While designing power supply circuits for various products and projects at Parallax, I realized that I lacked a way to really stress-test the supplies, and characterize their actual specifications. Referencing various DIY projects on the web, I threw something together that ended up being a prototype for an MCU-controlled unit.

Building the Prototype

When I say, “threw something together“, I’m not being hyperbolic. As you can see from the prototype, this was just a handful of fairly common parts thrown together on a BS1 protoboard (sans BS1 module).

As shown, the prototype runs from a single 5V power supply, and the most readily available 5V from most of my development boards is the servo headers on most of them. So the prototype is designed to be powered from a servo header running at ~5V.

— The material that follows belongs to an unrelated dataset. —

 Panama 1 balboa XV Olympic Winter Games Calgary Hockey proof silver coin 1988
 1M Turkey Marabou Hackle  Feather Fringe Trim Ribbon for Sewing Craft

This unit is made up of the protoboard, an IRL520 MOSFET, a 1Ω @ 5W power resistor, an LM358 op-amp and a 25-turn, 10K trimmer potentiometer (Bourns 3296). The 3-pin servo cable provides power. The red and white wires are the load.

Theory of Operation

This device provides a constant current load for a battery or DC power supply using a MOSFET in its linear region as an active load resistor. This load resistor is controlled by an op-amp, which is configured to maintain a constant current based on a voltage input to its non-inverting input and feedback from a shunt resistor connected between ground and the MOSFET. This feedback voltage goes to the inverting input of the op-amp.

Since the op-amp is essentially trying to keep the input voltages the same, when you set a voltage at the non-inverting input, the output will adjust itself until the voltage at the inverting input matches. By using the 1Ω shunt resistor, the voltage across the resistor equals the current. So, if you set the voltage input to 500 mV, the shunt resistor will have 500 mV across it and you will be drawing 500 mA across the load.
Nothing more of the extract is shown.